Key cost drivers include the expansion and enhancement of the Teacher Incentive Allotment (TIA), the creation of new teacher designation tiers, and the establishment of multiple new funding streams under the Foundation School Program (FSP). These include a teacher retention allotment, regional insurance cost offsets, and increased basic allotments with a new "Guaranteed Yield Increment Adjustment." TEA anticipates increasing costs for teacher salaries, including $10 million in one-time payments for newly certified teachers and up to $35 million annually for the Preparing and Retaining Educators through Partnership (PREP) Programs.
Additionally, special education funding reforms represent a major fiscal commitment. Starting in FY 2027, the bill introduces a multi-tiered weighting system and new service group allotments, with a $350 million increase over the baseline projected for that year alone. New programs such as parent-directed grants, day placement program support, and evaluation-based special education funding are estimated to cost hundreds of millions of dollars annually. Several of these programs are designed with future growth and flexibility based on legislative appropriations.

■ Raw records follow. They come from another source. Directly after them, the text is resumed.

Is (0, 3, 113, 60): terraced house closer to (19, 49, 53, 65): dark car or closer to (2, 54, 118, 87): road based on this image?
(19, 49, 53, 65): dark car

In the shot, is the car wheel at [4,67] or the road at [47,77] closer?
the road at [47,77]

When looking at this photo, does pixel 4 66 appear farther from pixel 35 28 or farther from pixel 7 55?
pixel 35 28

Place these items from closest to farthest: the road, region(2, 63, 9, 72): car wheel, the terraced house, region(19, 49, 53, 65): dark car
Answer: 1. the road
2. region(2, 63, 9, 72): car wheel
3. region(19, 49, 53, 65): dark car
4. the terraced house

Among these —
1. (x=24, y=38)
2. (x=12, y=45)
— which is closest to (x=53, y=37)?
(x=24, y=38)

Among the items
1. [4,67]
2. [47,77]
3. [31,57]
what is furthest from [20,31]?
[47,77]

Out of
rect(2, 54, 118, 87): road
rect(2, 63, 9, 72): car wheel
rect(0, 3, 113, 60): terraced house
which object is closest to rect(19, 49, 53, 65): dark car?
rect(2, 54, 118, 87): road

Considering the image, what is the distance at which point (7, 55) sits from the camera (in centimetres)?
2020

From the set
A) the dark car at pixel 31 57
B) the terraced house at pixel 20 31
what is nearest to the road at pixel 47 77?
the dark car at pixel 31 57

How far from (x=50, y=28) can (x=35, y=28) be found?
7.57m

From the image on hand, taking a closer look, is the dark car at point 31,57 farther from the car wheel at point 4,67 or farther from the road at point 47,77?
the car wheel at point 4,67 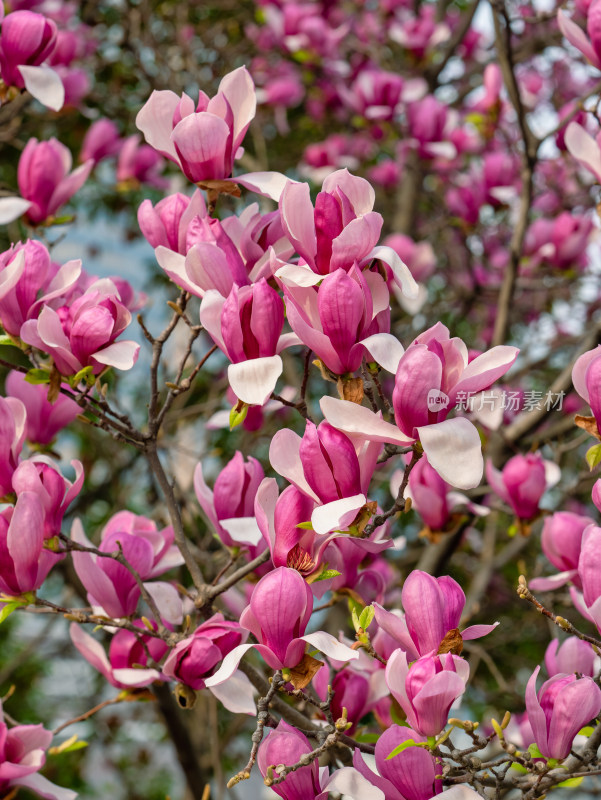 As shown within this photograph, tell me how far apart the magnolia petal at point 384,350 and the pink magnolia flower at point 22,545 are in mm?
378

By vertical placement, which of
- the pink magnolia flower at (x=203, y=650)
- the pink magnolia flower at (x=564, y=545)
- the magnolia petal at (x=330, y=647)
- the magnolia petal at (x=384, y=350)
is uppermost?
the magnolia petal at (x=384, y=350)

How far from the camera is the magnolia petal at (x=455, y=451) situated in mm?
682

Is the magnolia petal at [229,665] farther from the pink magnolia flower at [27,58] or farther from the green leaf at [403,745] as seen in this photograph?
the pink magnolia flower at [27,58]

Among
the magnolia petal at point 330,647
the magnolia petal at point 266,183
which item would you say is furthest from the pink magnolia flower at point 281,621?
the magnolia petal at point 266,183

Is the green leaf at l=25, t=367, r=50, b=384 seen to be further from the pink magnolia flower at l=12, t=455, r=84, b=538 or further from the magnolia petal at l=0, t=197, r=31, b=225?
the magnolia petal at l=0, t=197, r=31, b=225

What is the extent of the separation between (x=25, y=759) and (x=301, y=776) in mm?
365

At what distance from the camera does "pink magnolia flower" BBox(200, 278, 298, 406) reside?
779mm

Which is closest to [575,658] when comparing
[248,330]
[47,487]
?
[248,330]

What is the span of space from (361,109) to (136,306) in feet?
4.83

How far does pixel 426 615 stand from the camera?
0.73 m

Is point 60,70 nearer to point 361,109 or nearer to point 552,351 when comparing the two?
point 361,109

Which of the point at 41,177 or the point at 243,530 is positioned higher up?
the point at 41,177

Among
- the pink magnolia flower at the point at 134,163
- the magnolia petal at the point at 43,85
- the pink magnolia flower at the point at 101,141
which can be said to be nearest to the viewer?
the magnolia petal at the point at 43,85

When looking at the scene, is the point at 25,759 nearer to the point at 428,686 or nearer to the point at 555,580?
the point at 428,686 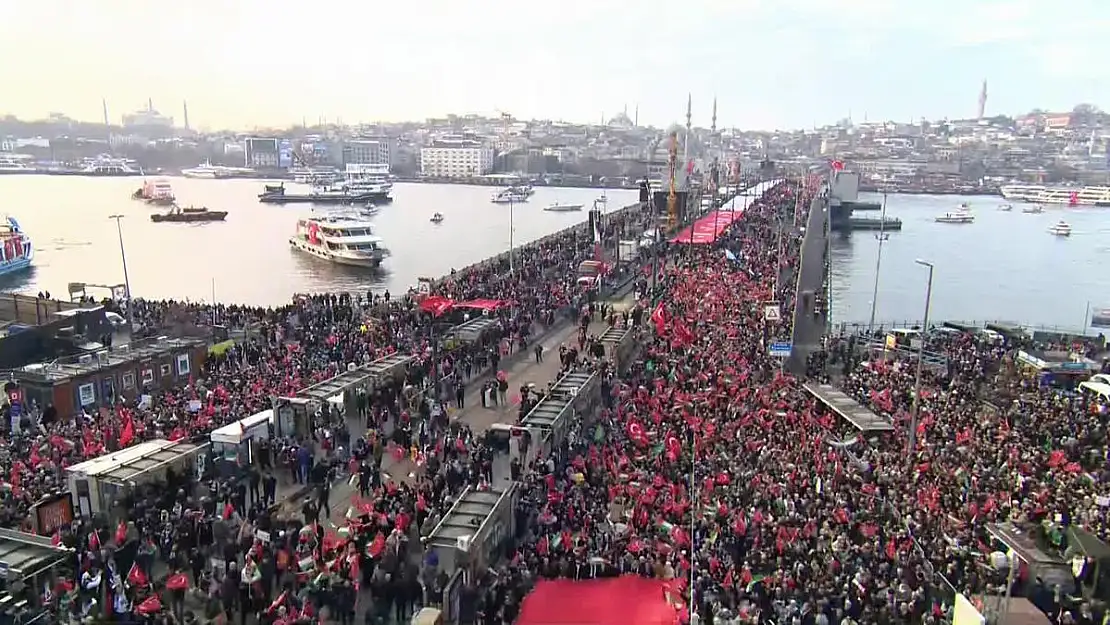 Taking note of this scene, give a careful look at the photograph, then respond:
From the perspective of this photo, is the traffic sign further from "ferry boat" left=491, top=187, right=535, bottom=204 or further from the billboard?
the billboard

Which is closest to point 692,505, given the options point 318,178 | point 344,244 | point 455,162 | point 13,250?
point 344,244

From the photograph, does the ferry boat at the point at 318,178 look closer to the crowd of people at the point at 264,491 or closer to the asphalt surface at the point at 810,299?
the asphalt surface at the point at 810,299

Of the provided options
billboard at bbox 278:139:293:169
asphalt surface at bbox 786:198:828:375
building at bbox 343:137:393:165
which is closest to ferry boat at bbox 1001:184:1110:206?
asphalt surface at bbox 786:198:828:375

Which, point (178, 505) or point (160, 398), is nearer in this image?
point (178, 505)

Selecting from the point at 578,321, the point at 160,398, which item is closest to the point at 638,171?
the point at 578,321

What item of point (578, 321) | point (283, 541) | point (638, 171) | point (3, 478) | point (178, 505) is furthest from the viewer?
point (638, 171)

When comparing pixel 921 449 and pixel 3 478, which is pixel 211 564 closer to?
pixel 3 478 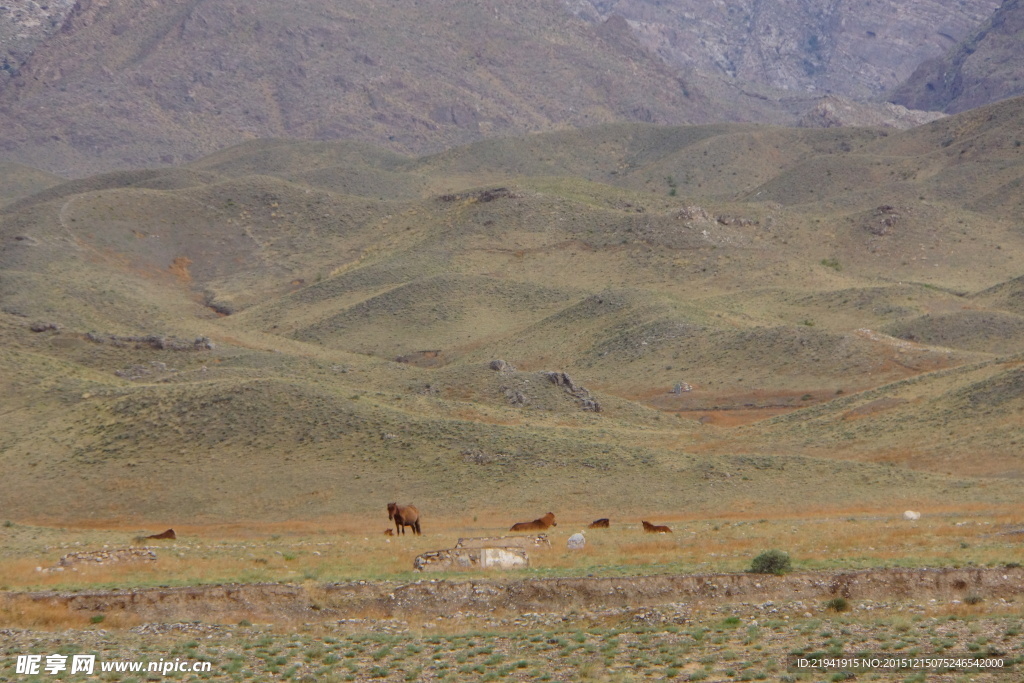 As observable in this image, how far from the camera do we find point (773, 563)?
27.2 metres

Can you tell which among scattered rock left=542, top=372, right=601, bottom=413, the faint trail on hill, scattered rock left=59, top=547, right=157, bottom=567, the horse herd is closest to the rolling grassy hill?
scattered rock left=542, top=372, right=601, bottom=413

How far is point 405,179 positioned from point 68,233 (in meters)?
66.1

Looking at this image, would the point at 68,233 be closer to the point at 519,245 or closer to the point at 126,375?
the point at 519,245

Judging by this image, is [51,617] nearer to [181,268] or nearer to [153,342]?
[153,342]

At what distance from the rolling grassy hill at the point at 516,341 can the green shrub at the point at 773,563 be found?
23.3 m

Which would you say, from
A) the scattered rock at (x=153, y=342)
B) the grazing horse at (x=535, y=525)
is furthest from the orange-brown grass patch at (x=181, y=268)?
the grazing horse at (x=535, y=525)

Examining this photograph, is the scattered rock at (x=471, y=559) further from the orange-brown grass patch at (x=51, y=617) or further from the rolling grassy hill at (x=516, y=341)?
the rolling grassy hill at (x=516, y=341)

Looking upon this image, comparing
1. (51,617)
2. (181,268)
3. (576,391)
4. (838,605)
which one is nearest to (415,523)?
(51,617)

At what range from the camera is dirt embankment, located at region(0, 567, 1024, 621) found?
26.4m

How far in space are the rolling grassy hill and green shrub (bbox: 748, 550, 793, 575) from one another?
23.3 m

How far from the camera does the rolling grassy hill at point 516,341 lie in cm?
5669

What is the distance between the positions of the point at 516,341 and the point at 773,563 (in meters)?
84.1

Beyond the Foundation School Program, the bill imposes operational costs on the Texas Education Agency (TEA) and other agencies, requiring new staff and information technology resources to support program implementation, oversight, and data reporting. TEA expects to hire more than 100 new employees and anticipates IT expenditures exceeding $13 million through FY 2027.
In summary, HB 2 represents a sweeping overhaul of public education finance, demanding considerable state investment to support expanded compensation, enhanced instruction, and stronger services for students with disabilities. While its fiscal footprint is large, its proponents frame it as a foundational investment in educational quality and teacher workforce sustainability across Texas.

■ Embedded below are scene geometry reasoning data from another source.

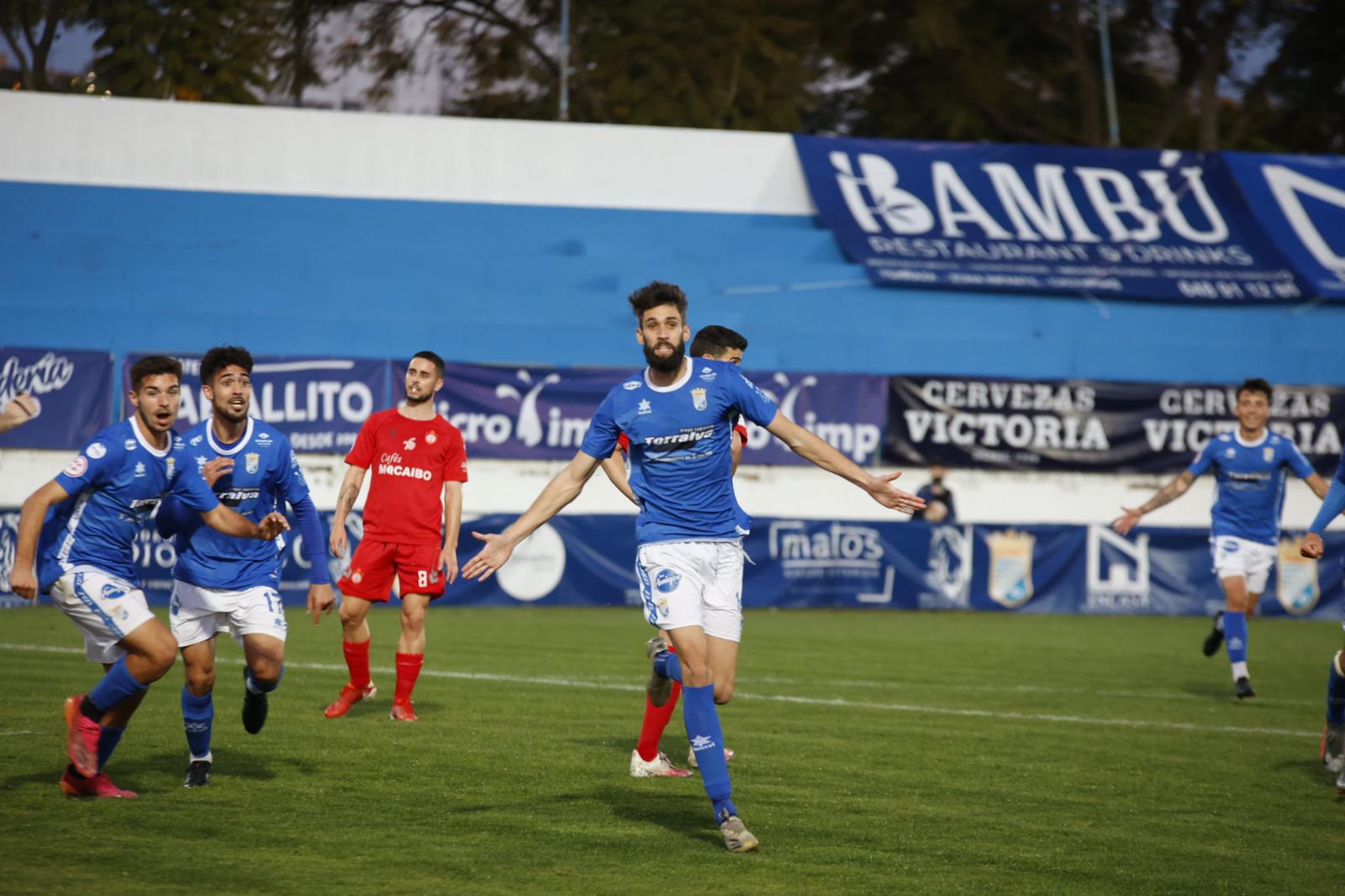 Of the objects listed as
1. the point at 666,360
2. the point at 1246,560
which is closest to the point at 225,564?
the point at 666,360

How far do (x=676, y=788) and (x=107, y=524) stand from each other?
317 centimetres

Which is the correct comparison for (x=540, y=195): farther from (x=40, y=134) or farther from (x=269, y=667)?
(x=269, y=667)

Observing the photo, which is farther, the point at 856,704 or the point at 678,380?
the point at 856,704

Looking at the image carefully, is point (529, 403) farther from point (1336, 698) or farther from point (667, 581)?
point (667, 581)

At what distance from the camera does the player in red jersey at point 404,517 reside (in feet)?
33.4

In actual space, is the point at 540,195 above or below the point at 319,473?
above

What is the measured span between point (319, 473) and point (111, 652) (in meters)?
14.8

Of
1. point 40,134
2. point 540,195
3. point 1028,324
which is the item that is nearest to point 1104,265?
point 1028,324

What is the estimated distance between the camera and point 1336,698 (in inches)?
357

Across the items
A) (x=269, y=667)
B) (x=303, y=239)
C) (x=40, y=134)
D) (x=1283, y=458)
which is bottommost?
(x=269, y=667)

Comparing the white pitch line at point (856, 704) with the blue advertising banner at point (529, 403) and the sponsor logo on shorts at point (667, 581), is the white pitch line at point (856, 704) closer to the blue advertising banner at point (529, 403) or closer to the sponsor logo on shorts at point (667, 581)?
the sponsor logo on shorts at point (667, 581)

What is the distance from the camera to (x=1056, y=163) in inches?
1056

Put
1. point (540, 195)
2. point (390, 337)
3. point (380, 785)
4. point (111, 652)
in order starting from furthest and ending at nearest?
point (540, 195), point (390, 337), point (380, 785), point (111, 652)

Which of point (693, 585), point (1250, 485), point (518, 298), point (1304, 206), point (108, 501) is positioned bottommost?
point (693, 585) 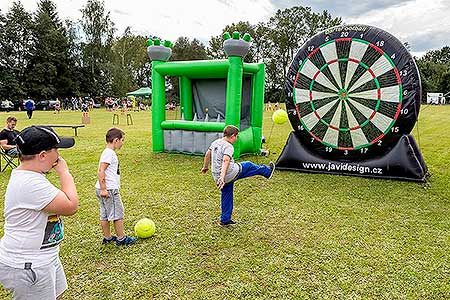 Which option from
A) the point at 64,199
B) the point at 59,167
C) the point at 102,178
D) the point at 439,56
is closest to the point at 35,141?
the point at 59,167

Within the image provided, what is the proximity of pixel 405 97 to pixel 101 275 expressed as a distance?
A: 5.61 metres

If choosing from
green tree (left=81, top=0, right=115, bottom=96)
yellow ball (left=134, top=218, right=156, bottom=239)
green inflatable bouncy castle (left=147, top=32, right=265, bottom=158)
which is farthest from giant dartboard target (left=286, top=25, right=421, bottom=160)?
green tree (left=81, top=0, right=115, bottom=96)

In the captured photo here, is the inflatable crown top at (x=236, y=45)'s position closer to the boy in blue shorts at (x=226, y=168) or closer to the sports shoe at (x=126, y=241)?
the boy in blue shorts at (x=226, y=168)

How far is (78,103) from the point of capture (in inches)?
1590

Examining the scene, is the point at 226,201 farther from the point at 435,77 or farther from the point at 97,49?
the point at 435,77

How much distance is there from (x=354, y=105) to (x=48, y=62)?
45.7 meters

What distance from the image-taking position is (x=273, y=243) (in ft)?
13.7

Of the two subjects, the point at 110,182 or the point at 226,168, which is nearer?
the point at 110,182

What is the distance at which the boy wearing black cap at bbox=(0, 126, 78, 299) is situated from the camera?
1946 millimetres

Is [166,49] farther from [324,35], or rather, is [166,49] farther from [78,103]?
[78,103]

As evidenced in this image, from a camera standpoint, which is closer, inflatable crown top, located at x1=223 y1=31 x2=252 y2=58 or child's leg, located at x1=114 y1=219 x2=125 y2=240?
child's leg, located at x1=114 y1=219 x2=125 y2=240

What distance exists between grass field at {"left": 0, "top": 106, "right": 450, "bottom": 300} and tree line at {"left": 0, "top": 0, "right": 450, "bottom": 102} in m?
36.2

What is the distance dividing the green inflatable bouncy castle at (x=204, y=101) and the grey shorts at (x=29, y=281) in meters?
6.65

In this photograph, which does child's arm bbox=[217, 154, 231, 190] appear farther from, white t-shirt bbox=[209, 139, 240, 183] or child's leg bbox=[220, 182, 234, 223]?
child's leg bbox=[220, 182, 234, 223]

HB 2, as substituted and reported from the Senate Committee on Education, significantly expands the scale and scope of state involvement in public education without enacting meaningful structural reforms. While the bill contains well-intentioned efforts to improve educator compensation, bolster support for special education, and increase funding parity for charter schools, the breadth of new programs, lack of prioritization, and sweeping centralization of power raise critical concerns regarding fiscal responsibility, accountability, and local control.

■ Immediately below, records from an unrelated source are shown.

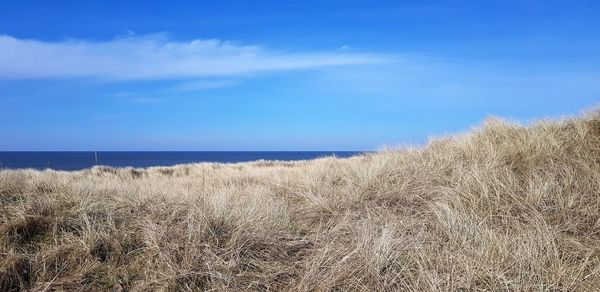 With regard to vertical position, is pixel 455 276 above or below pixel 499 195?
below

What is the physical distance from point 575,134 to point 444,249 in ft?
18.7

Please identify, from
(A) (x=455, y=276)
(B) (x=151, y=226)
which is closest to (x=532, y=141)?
(A) (x=455, y=276)

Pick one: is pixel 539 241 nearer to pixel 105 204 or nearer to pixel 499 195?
pixel 499 195

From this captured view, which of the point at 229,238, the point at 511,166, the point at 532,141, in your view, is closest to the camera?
the point at 229,238

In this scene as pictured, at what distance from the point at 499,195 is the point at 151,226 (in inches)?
188

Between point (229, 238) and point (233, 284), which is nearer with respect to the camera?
point (233, 284)

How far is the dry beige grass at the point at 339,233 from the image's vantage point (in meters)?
4.86

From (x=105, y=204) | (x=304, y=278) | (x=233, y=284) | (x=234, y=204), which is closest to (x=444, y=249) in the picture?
(x=304, y=278)

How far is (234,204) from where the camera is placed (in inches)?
278

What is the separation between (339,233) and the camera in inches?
245

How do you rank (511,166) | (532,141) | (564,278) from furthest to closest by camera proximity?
(532,141), (511,166), (564,278)

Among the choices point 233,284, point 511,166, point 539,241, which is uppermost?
point 511,166

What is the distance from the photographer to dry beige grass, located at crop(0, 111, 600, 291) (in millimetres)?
4863

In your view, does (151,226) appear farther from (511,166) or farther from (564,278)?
(511,166) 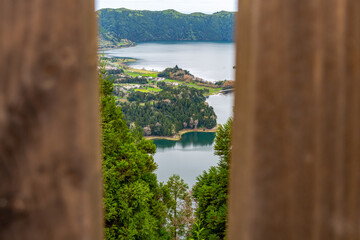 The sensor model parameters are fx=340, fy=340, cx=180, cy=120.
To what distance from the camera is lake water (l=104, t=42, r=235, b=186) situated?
14269mm

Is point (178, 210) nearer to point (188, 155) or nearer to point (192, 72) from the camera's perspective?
point (188, 155)

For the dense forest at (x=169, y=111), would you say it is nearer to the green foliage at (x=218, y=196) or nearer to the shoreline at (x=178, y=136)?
the shoreline at (x=178, y=136)

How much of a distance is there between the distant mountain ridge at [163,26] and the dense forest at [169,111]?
2362 cm

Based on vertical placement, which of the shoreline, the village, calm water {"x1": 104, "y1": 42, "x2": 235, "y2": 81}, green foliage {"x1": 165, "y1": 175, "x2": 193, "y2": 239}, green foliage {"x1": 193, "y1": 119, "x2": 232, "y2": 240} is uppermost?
calm water {"x1": 104, "y1": 42, "x2": 235, "y2": 81}

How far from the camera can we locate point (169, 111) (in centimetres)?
1992

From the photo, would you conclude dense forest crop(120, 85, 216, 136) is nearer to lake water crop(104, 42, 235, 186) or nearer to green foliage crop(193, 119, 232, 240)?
lake water crop(104, 42, 235, 186)

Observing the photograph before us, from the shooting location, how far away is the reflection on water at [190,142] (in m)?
17.5

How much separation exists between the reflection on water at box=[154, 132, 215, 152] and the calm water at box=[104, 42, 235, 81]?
29.9 ft

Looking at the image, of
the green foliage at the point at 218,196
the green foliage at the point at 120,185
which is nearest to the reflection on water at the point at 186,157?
the green foliage at the point at 218,196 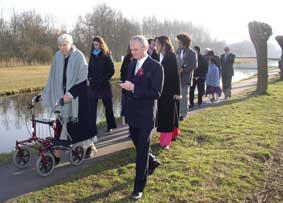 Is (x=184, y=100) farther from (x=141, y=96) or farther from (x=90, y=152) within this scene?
(x=141, y=96)

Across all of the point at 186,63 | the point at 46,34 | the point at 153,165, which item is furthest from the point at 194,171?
the point at 46,34

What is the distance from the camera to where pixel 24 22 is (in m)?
49.5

The bill commits over $7.8 billion in general revenue across the 2026–2027 biennium and authorizes numerous new funding allotments, grant programs, and administrative mandates—all coordinated centrally through the Texas Education Agency (TEA). Yet, there is insufficient assurance that these dollars will be spent effectively or reach the classroom in ways that directly benefit students. Only a fraction of the increased basic allotment is mandated for teacher pay, and even within that, much of the funding can be used for general compensation purposes across broader staff categories. This introduces a risk that funds may be absorbed into existing bureaucracies without materially improving instruction or outcomes.
Further, HB 2 expands the reach of TEA and the Commissioner of Education by granting extensive rulemaking and discretionary authority over funding formulas, program eligibility, and district compliance. This centralization of power not only weakens legislative oversight but also undermines local governance. For example, the bill allows the Commissioner to unilaterally designate "enhanced teacher incentive allotment schools" and modify special education funding mechanisms, effectively bypassing locally elected boards and community priorities.
On the charter school front, the bill redefines charter schools as equivalent to independent school districts for zoning and municipal regulatory purposes, removing prior requirements that ensured transparency and local input. This preemption of local authority diminishes community self-determination and raises potential equity concerns, particularly in densely populated municipalities where land-use planning is complex and contested.
The bill also adds or expands nearly two dozen grant and support programs, ranging from teacher pipelines to extended school years, many of which require new administrative structures, staff, and oversight mechanisms. Instead of simplifying or reforming existing systems, HB 2 builds layers of new bureaucracy, increasing operational complexity at the state level. This is particularly concerning given the longstanding challenges in managing the state’s public education bureaucracy effectively and transparently.
Even the bill’s promising components, such as performance-based teacher incentives and special education reforms, fall short in execution. The expanded Teacher Incentive Allotment remains difficult to implement in under-resourced districts that lack the capacity to manage designation systems. Meanwhile, special education reforms—though more equitable in concept—are left heavily dependent on future rulemaking and appropriations, leaving uncertainty about long-term viability and outcomes.
In totality, HB 2 represents a dramatic increase in public education spending, regulation, and administrative reach, without commensurate guarantees of improved student performance, efficient resource use, or respect for local decision-making. For these reasons, and in keeping with principles of limited government, fiscal prudence, and accountability to educators and taxpayers alike, Texas Policy Research recommends that lawmakers vote NO on HB 2.